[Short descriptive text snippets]
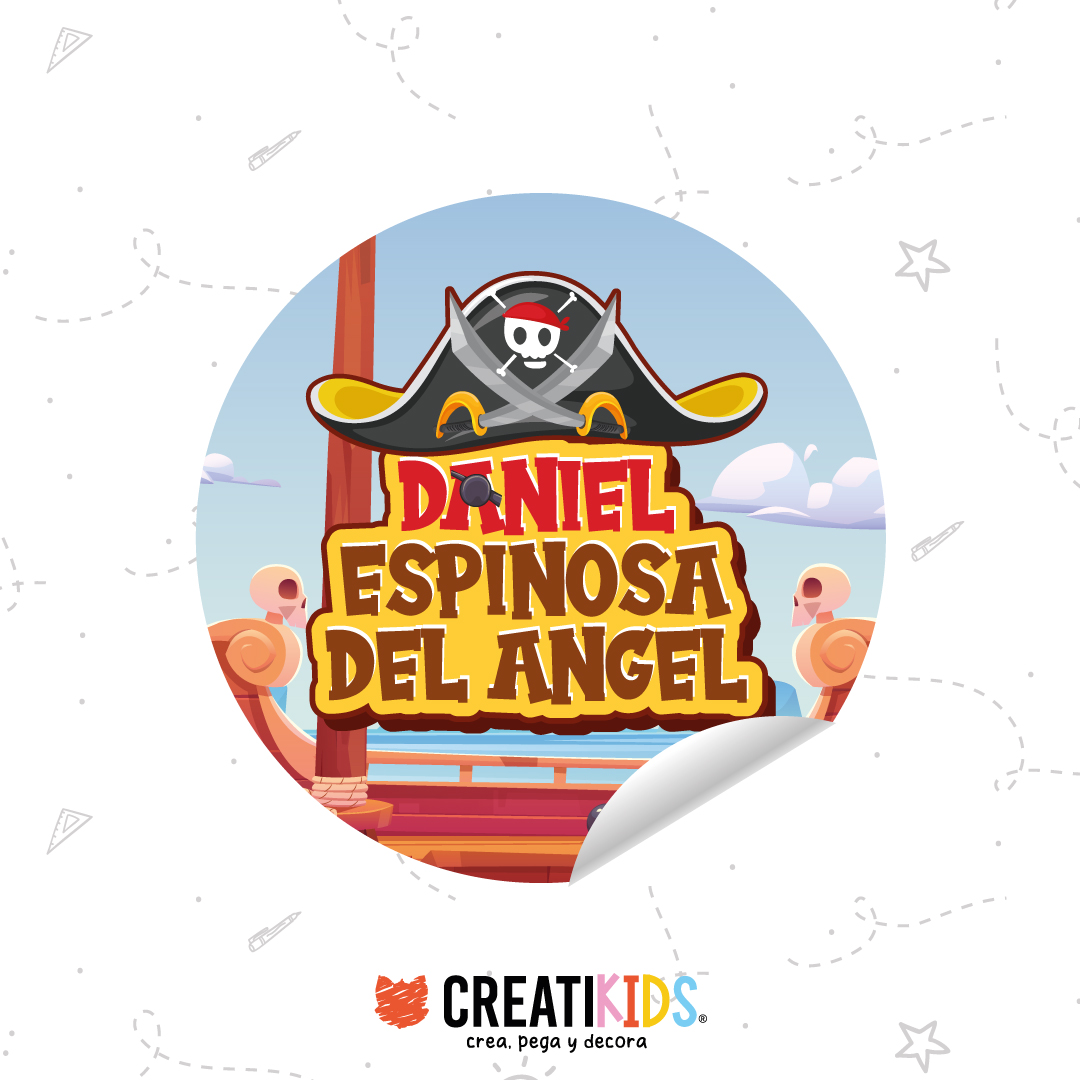 Etiquetas Personalizadas Arrg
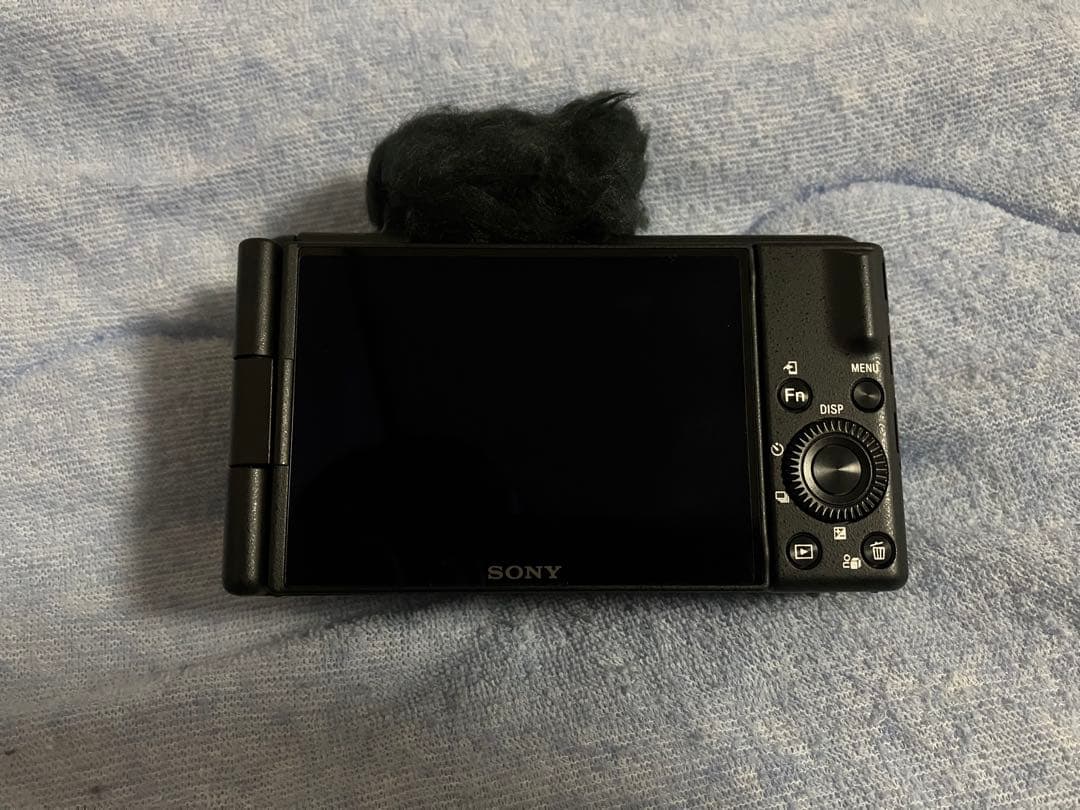 デジタルカメラ Sony VLOGCAM ZV-1 II
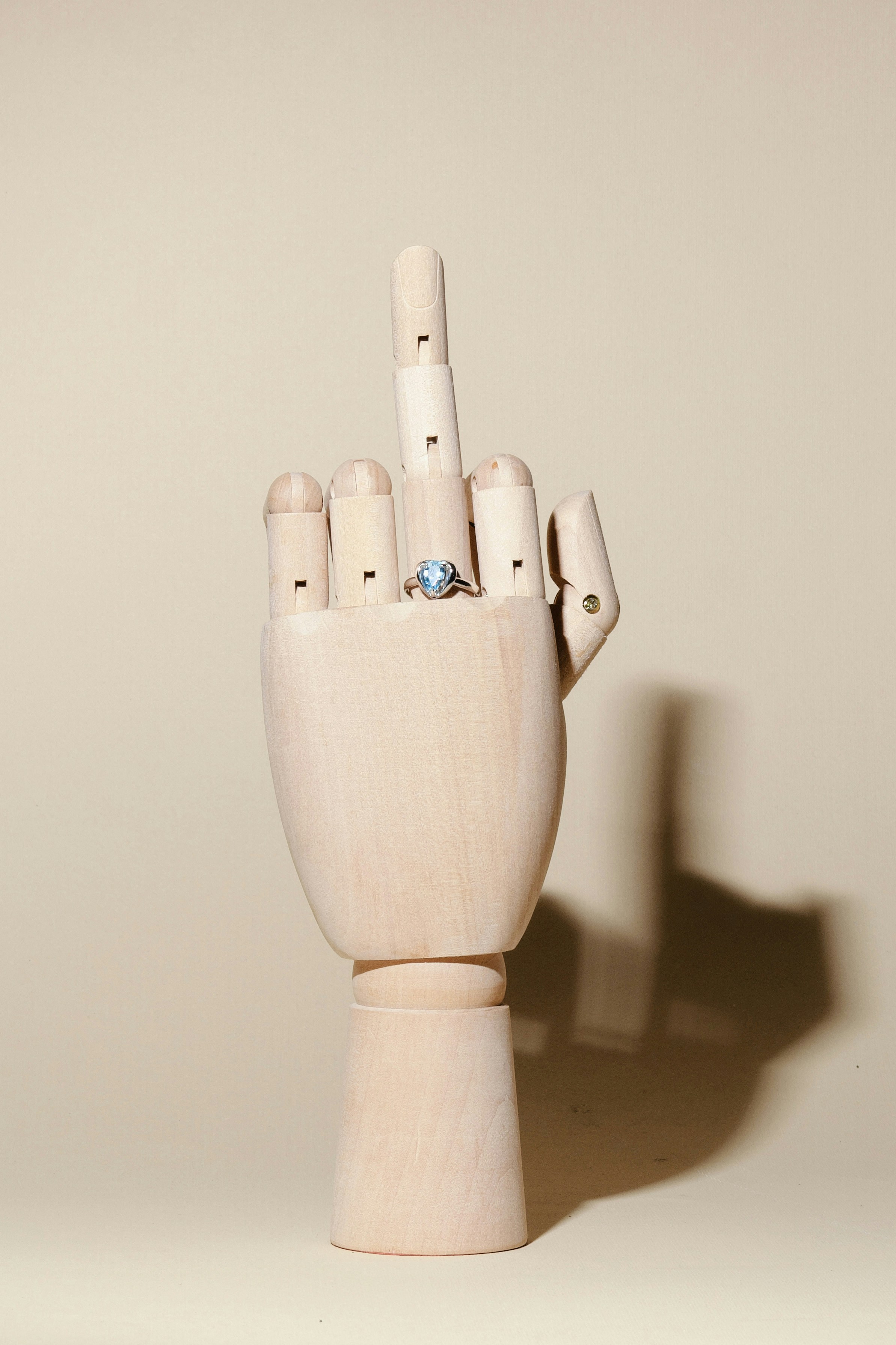 Sapphire - Detail shot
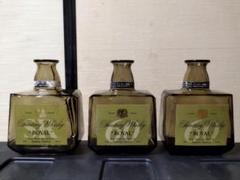 スコッチ空き瓶7本セット スコッチ空き瓶7本セット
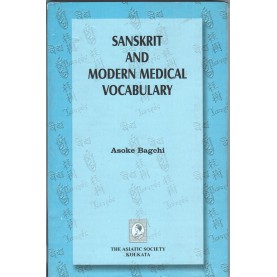Sanskrit And Modern Medical Vocabulary-Asoke Bagchi-9788172361235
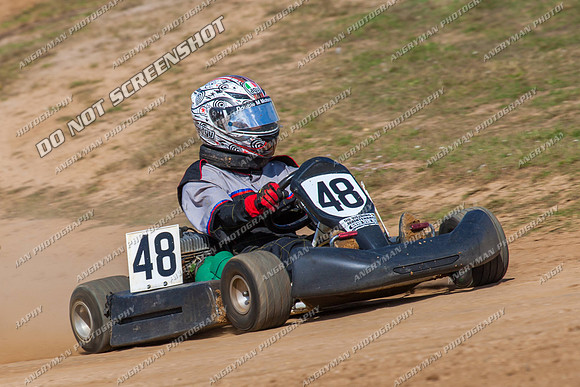 Kart 48 - 13 - Latrobe - 1st Jan 2013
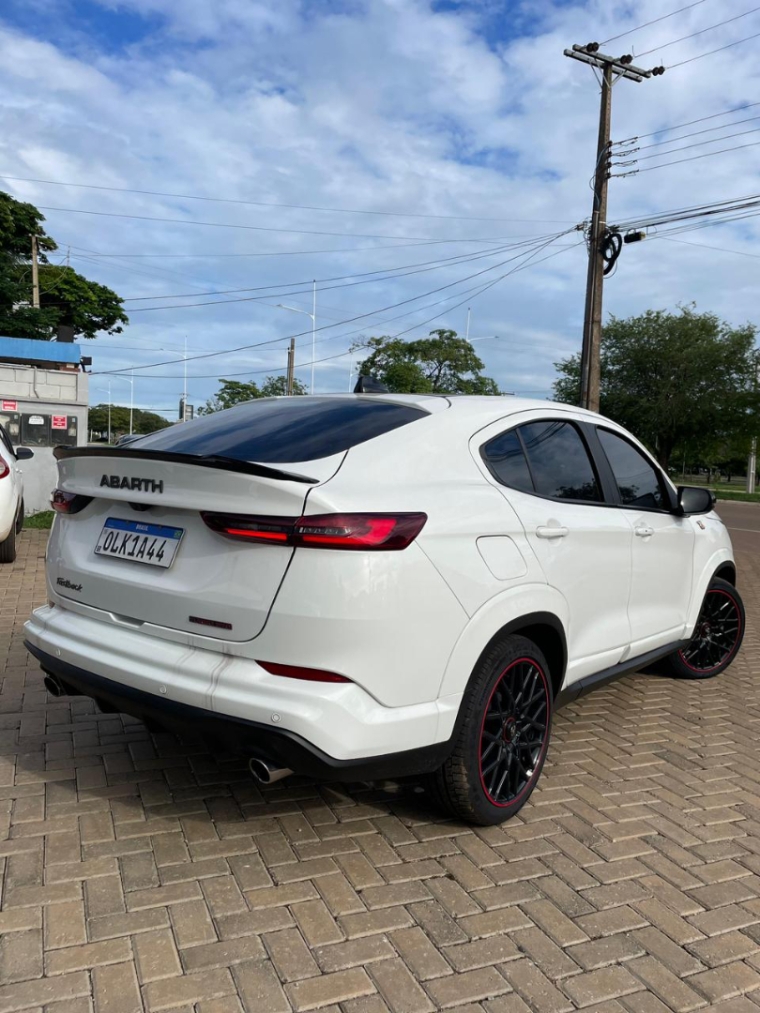 fiat fastback 1.3 turbo 270 flex abarth at6 4p manual 20246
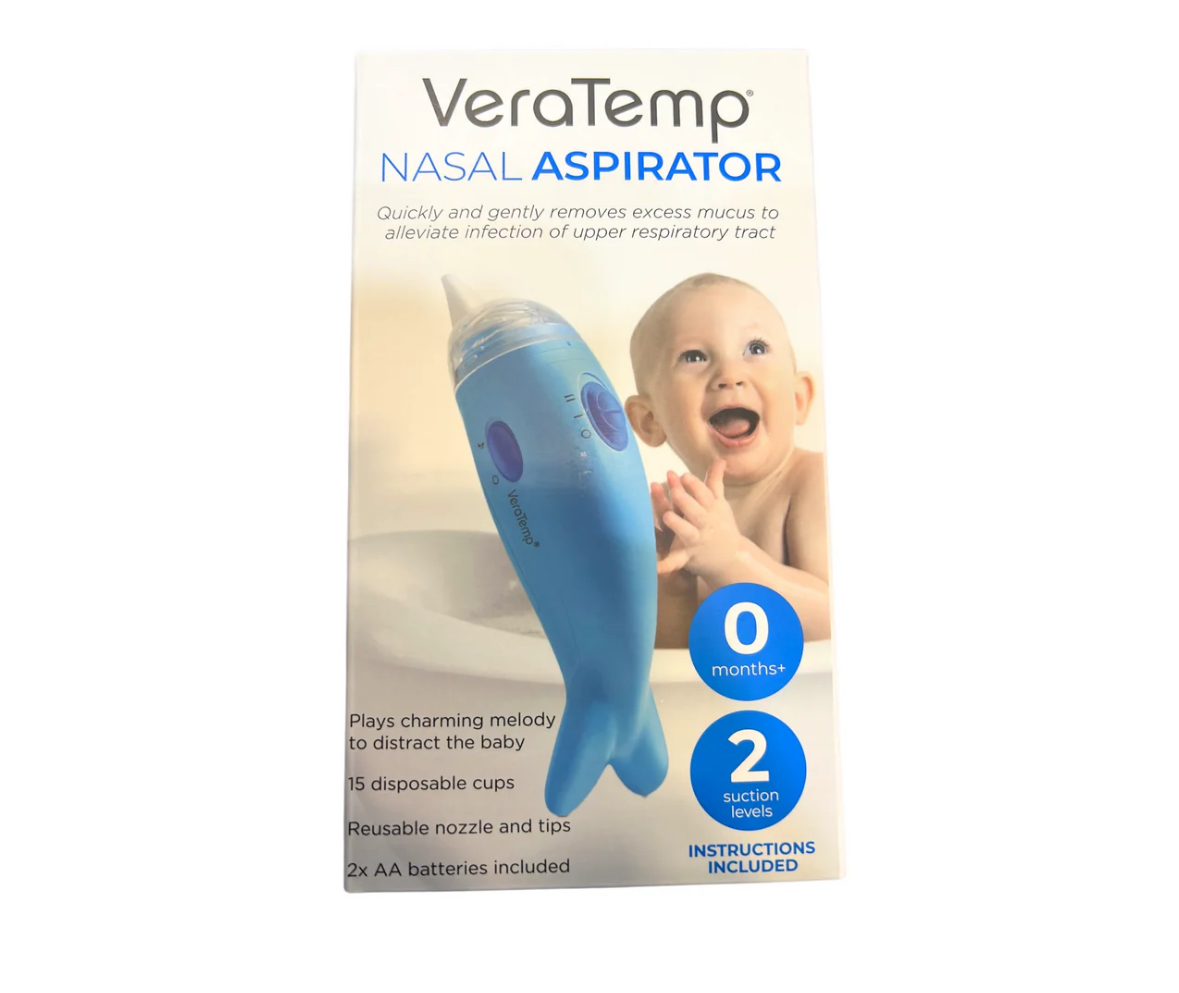 Nasal aspirator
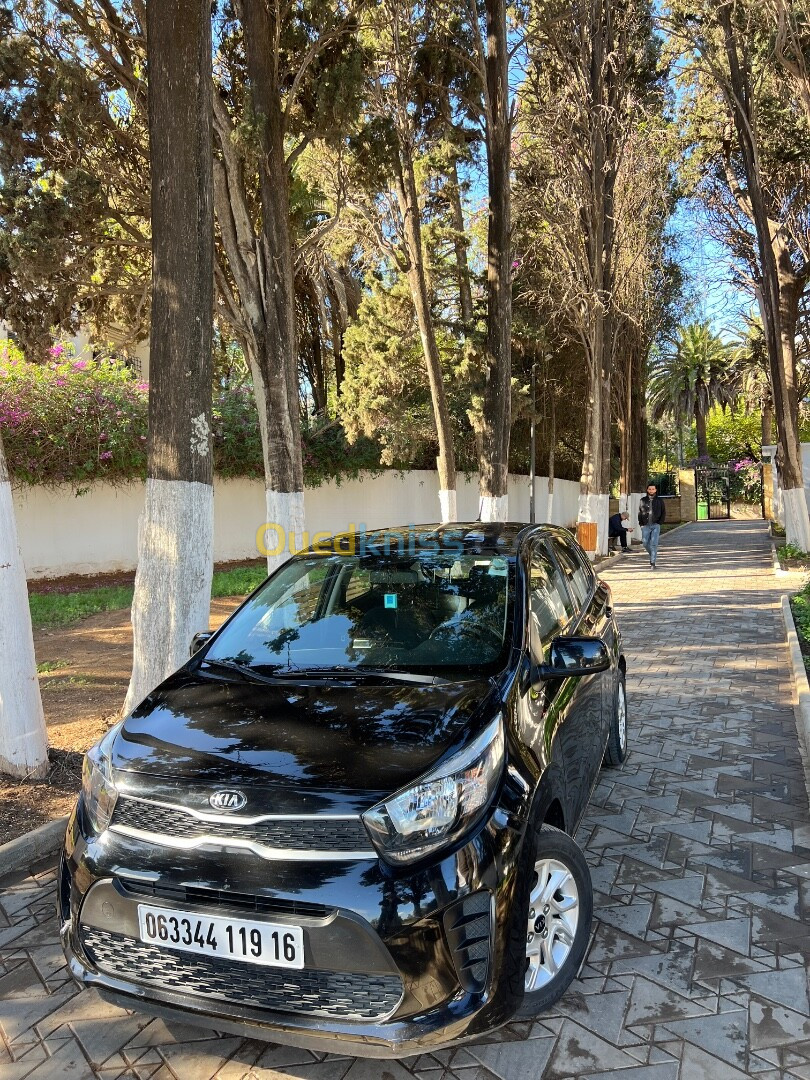 Kia Picanto 2019 LX Start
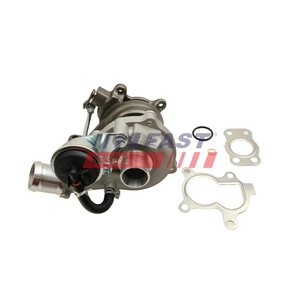 Turbocompresseur, suralimentation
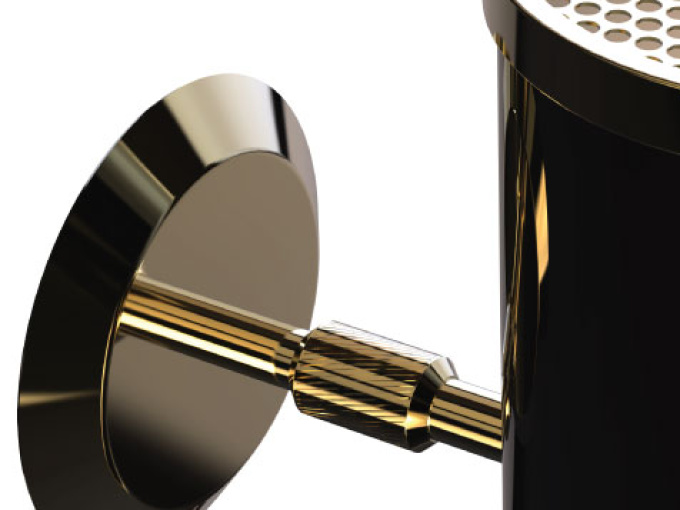 Настенный светильник Chuck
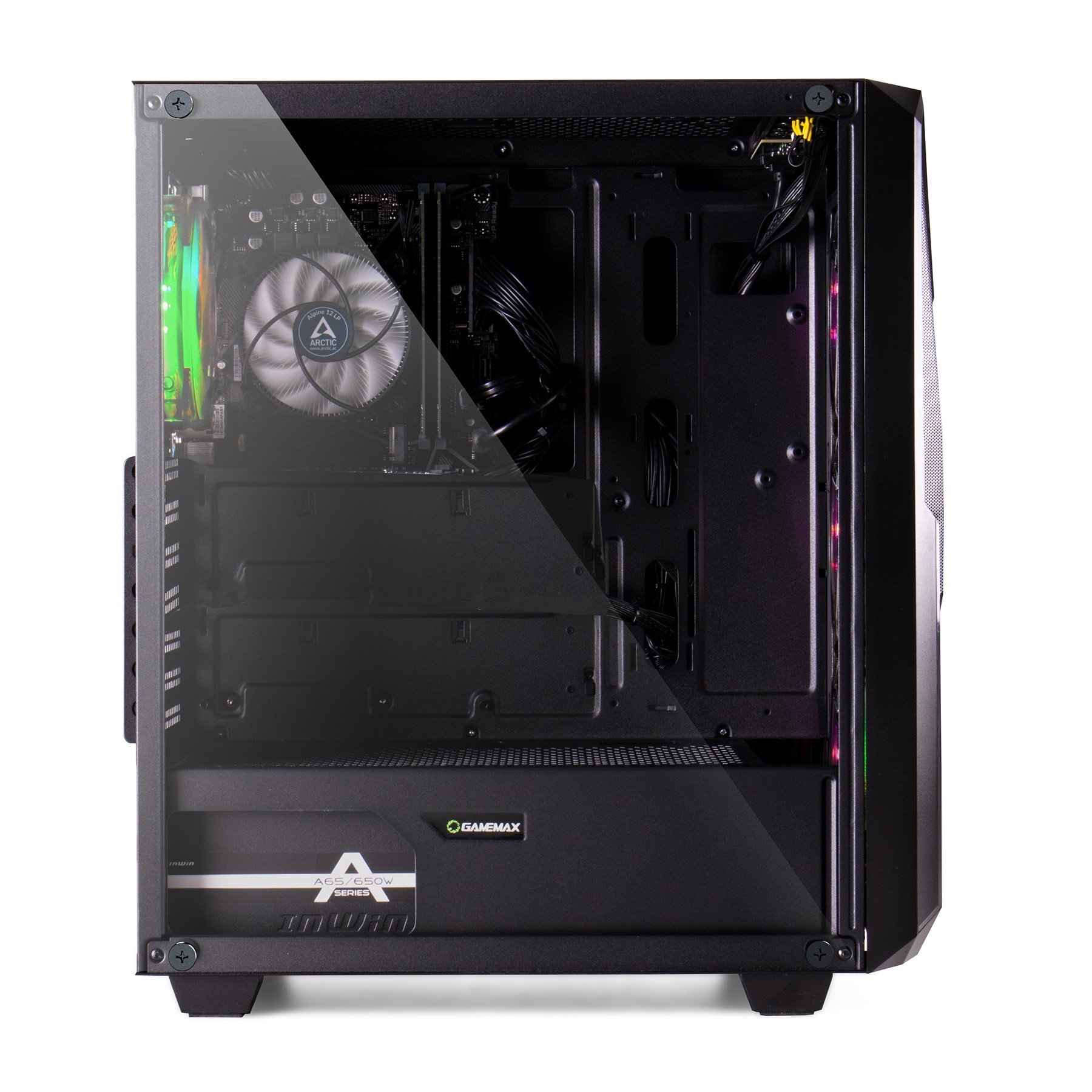 GAMEMAX PC »Striker 7578«, Windows 11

→ Activity: Copy out the data verbatim, with no pictures.

→ Answer for the task:
 Etiquetas Personalizadas Arrg
 デジタルカメラ Sony VLOGCAM ZV-1 II
 Sapphire - Detail shot
 スコッチ空き瓶7本セット スコッチ空き瓶7本セット
Sanskrit And Modern Medical Vocabulary-Asoke Bagchi-9788172361235
 Kart 48 - 13 - Latrobe - 1st Jan 2013
 fiat fastback 1.3 turbo 270 flex abarth at6 4p manual 20246
 Nasal aspirator
 Kia Picanto 2019 LX Start
 Turbocompresseur, suralimentation
 Настенный светильник Chuck
 GAMEMAX PC »Striker 7578«, Windows 11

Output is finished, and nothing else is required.